The Year Ahead for Tahoe Real Estate
As we move into the home stretch for 2018, Incline Village real estate sales took a breather last week with only 3 properties going into escrow. Whether this was the usual seasonal slowdown or a result of extreme stock market volatility along with some uncertainties in Washington DC is something that only time will tell. However, after an extraordinarily long economic expansion it would not surprise us to see real estate sales and prices plateau or even consolidate during the next 1 to 2 years.

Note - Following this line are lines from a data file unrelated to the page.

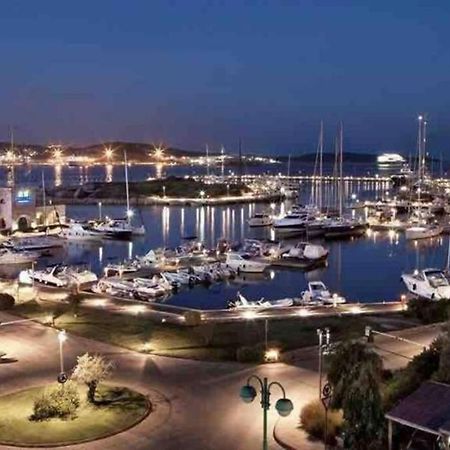 Sa Marinedda Guest Apartment Ольбия Экстерьер фото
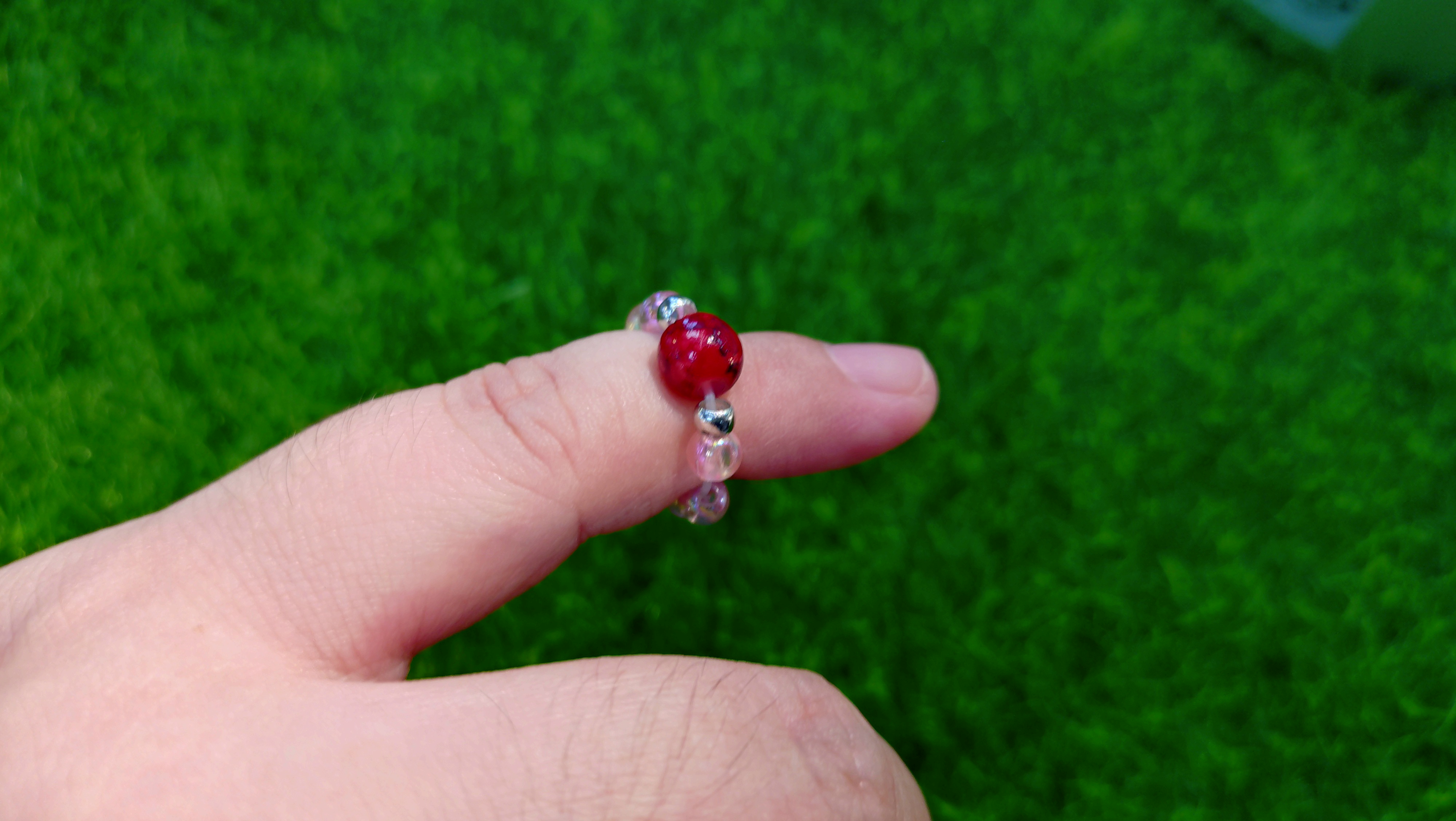 thumb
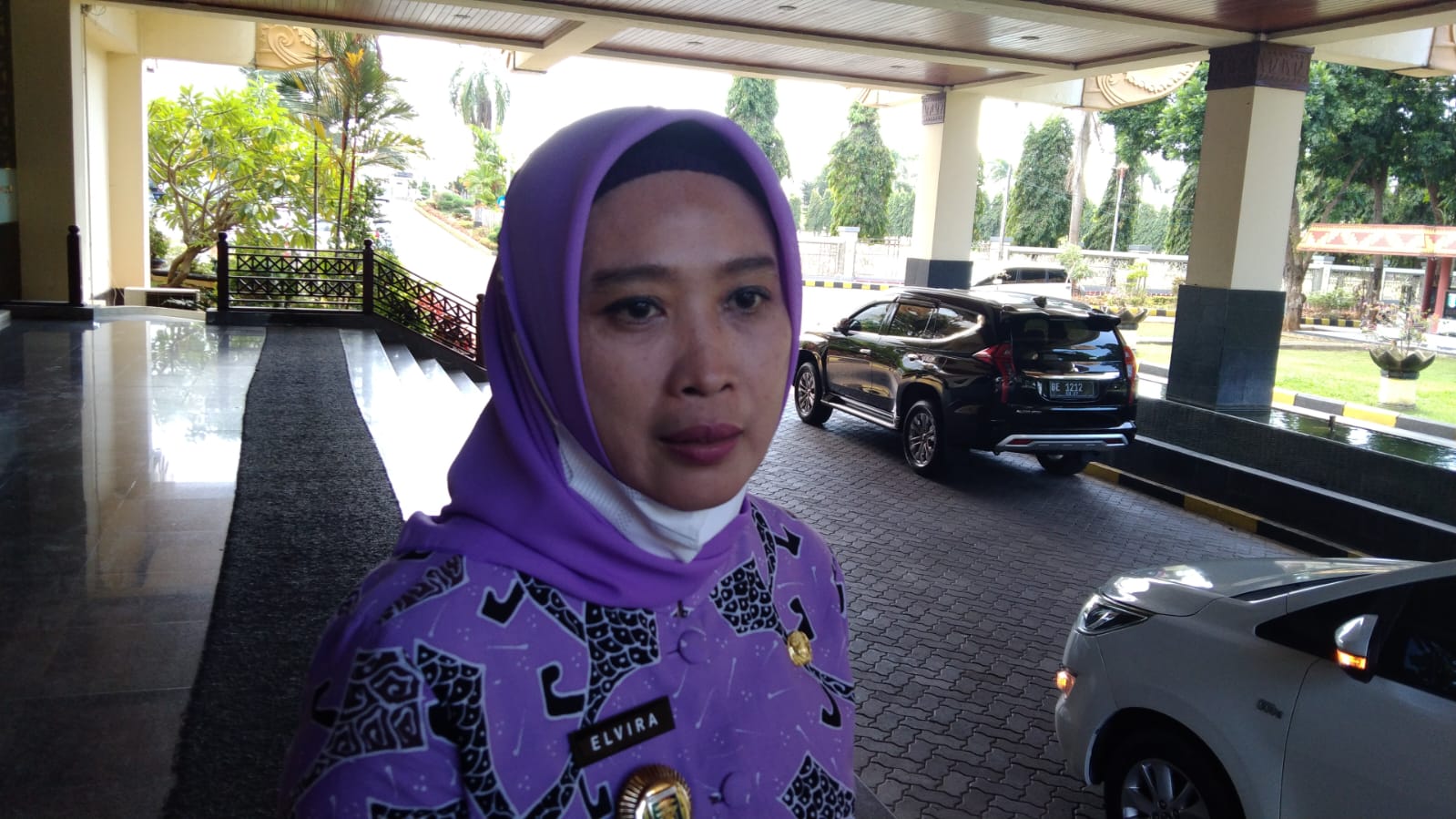 Launching Minyak Kita Rp14 Ribu, Mendag Zulhas Akan Datangi Tiga Lokasi di Lampung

Nothing has changed fundamentally about the Incline Village real estate market. Inventory remains low by historical standards and prices for the most part have reached or exceeded the prerecession peak. There is also a finite supply of land on which to construct residential property on the Nevada side of Lake Tahoe. Coupled with a strong California economy and a population that continues to grow, over the long term, the rules of supply and demand will eventually dictate higher prices.
But after 6 years of a solid uptrend it is only natural that we expect a pause or even some retrenching. Even with the recent decline in the stock market during the 4th quarter of 2018, the overall net worth of Americans has increased dramatically during the last 10 years. There are a significant number of affluent people in California and other states paying high income taxes still moving to the Nevada side of Lake Tahoe on a regular basis. Both financial and quality of life benefits continue to motivate individuals and families to relocate to Incline Village and other communities in Nevada.
In 2019 there is a good possibility that there will be a slowdown for discretionary purchases of vacation properties not just at Lake Tahoe but all over the United States. The pace of sales for both 2017 and 2018 in Incline Village and Crystal Bay was well above historical norms and markets tend to trend toward the median over a long period time. However, buyers looking to relocate to Incline Village and other communities at Lake Tahoe as full-time residents will not be deterred. Even with the relatively high cost of housing in our area it pales in comparison to many communities in both Northern and Southern California. Sticker shock is not an issue for the vast majority of prospective buyers of Lake Tahoe real estate.
So, what does the winter of 2018 – 2019 portend? In our opinion, a certain percentage of buyers will choose to sit tight and see what happens with the financial markets and the shift in power in Washington DC over the next 3 to 6 months before making a decision. Some sellers will decide that now is the time to reduce their asking price and make a deal before the depths of winter set in and there is potentially more uncertainty in the atmosphere. It’s possible that property owners who have reaped substantial gains since 2012 may view early 2019 as a good time to sell due to the low inventory. With many other scenarios possible, it will make for an interesting start to the New Year for everyone connected to the Lake Tahoe real estate market.